School board elections, much like City Council races, don’t always get the attention they deserve. Sure, school board meetings can be dry for those who don’t have school-aged kids, but school boards are getting a ton of attention lately. Between issues such as parents’ rights, school choice and support for transgender students, school board meetings are really starting to heat up.
This year’s Albuquerque Public School Board election resulted in mixed results for union backed candidates, but a clear defeat for those backed by the controversial and Hitler quoting Mom’s for Liberty activist group.
Incumbent Yolanda Montoya Cordova opted not to run for reelection, opening the door for three candidates vying for the spot. Janelle Astorga scored a sizable win of almost 400 votes over Robert Trujillo, a construction business owner.
Astorga boasts growing up in historical South Valley neighborhoods and campaigned on restorative justice in schools (see: avoiding suspensions for kids who might just need some extra attention at school), pushing back against institutional racism and making schools safer overall.
“I do not believe armed police in schools will help any of our district’s issues and more specifically gun violence in our communities,” Astorga wrote in response to a questionnaire from The Paper. “Instead of treating our students like criminals, we need to focus on creating safe spaces for our youth to become leaders and feel ownership of their community. One way we can do this is by bringing in parent volunteers and community organizations to engage students in ‘real-world’ activities.”
Trujillo received endorsements from a sizable list of local politicians and both teachers and labor unions. But that didn’t stop a local parents group from bringing up Trujillo’s record of assault charges and outstanding tax liens. Trujillo, who was somewhat vague about specific policy plans on his campaign website, did offer an explanation that was just shy of an apology.

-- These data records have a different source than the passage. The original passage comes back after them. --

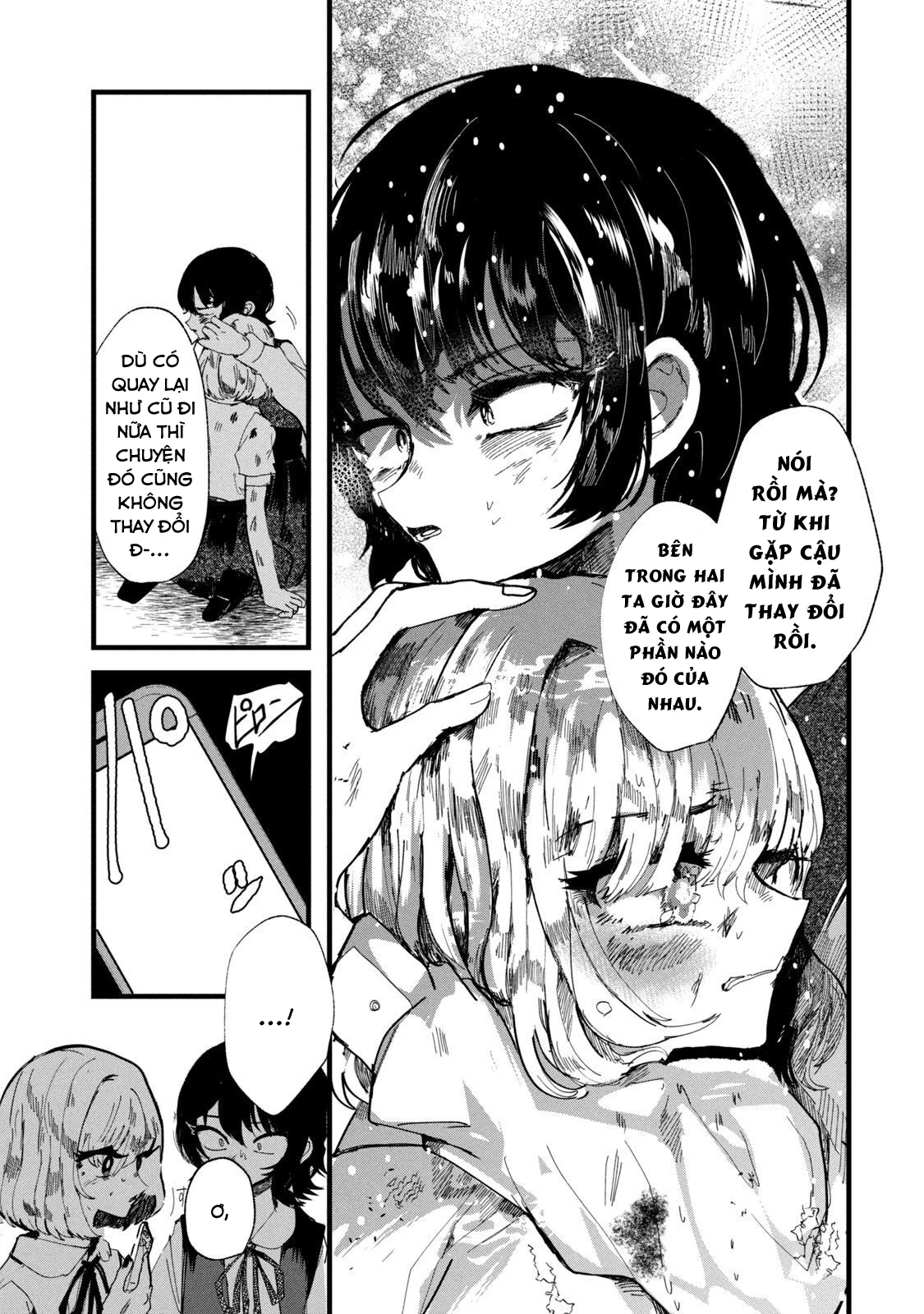 Kono Ai wo Owarasete kurenai ka Chapter 28 - Trang 2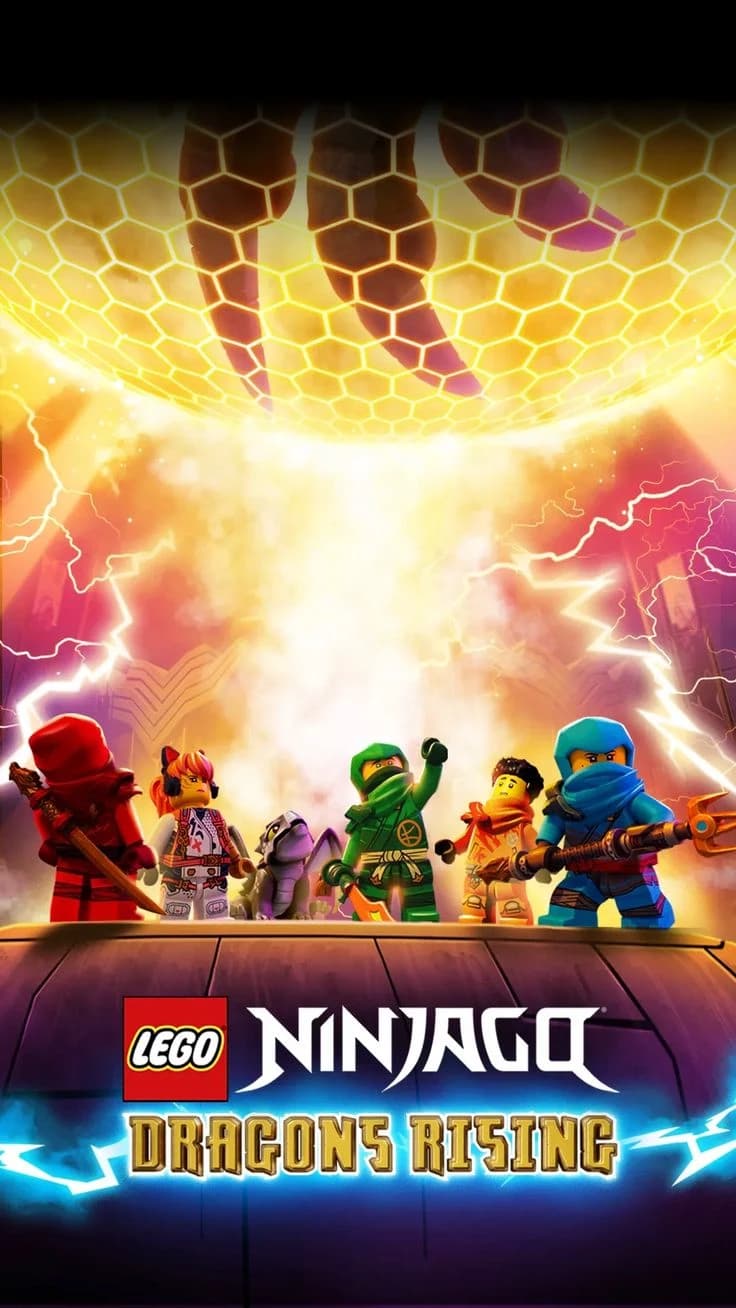 Lloyd Ninjago (Dragons Rising) thumbnail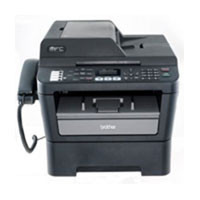 ราคาBrother Printer Inkjet รุ่น MFC-7470D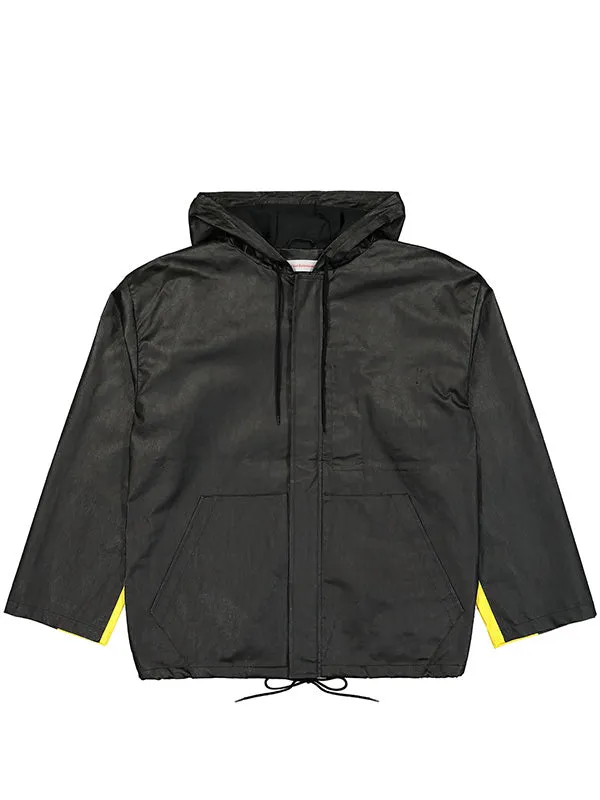 Henrik Vibskov Boutique Stop Jacket 8211 Black Women Jackets and Coats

“This situation has been hard for me to talk about because I am not proud of my behavior that day, and it does not reflect who I am,” he wrote. “I believe our community deserves total transparency and honesty, and that is why I’m writing this letter.” , who boasts growing up in historical South Valley neighborhoods, campaigned on restorative justice in schools (see: avoiding suspensions for kids who might just need some extra attention at school), pushing back against institutional racism and making schools safer overall.
Substitute teacher Verland Coker Verland Coker, who opted for a more bare-bones campaign, got less than 10 percent of the votes. He told The Paper. in his questionnaire that he thinks the district is long overdue for “pedagogical reform.”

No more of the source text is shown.